Tuesday, April 03, 2007

Endowment Mortgage Can Lead To Shortfalls

Endowment policies was something that was issued in England in the 70’s and 80’s and though the intention was that they would in the time specified pay off the entire mortgage completely, this did not always occur. Ah, I hear someone asking what are endowment policies. Wikipedia defines it as;

An endowment mortgage is a mortgage loan arranged on an interest-only basis where the capital is intended to be repaid by one or more endowment policies. The phrase endowment mortgage is used mainly in the United Kingdom by lenders and consumers to refer to this arrangement and is not a legal term.

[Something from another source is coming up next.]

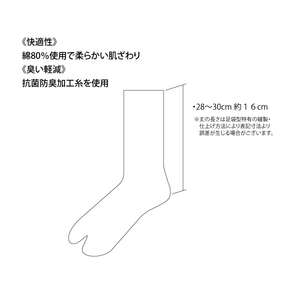 表糸綿100％ ベーシック　足袋ロークルーソックス【28～30cm】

The borrower has two separate agreements. One with the lender for the mortgage and one with the insurer for the endowment policy. The arrangements are distinct and the borrower can change either arrangement if they wish. In the past the endowment policy was often taken as additional security by lender. That is, the lender applied a legal device to ensure the proceeds of the endowment were made payable to them rather than the borrower; typically the policy is assigned to the lender.


The problem was when shortfalls did occur many owners of the policy were not able to meet said shortfalls forcing them to surrender them to the issuing insurance companies for ridiculously low prices. The UK government stepped in giving people the right to use the services of sell endowment policy firms enabling them to get a much higher price.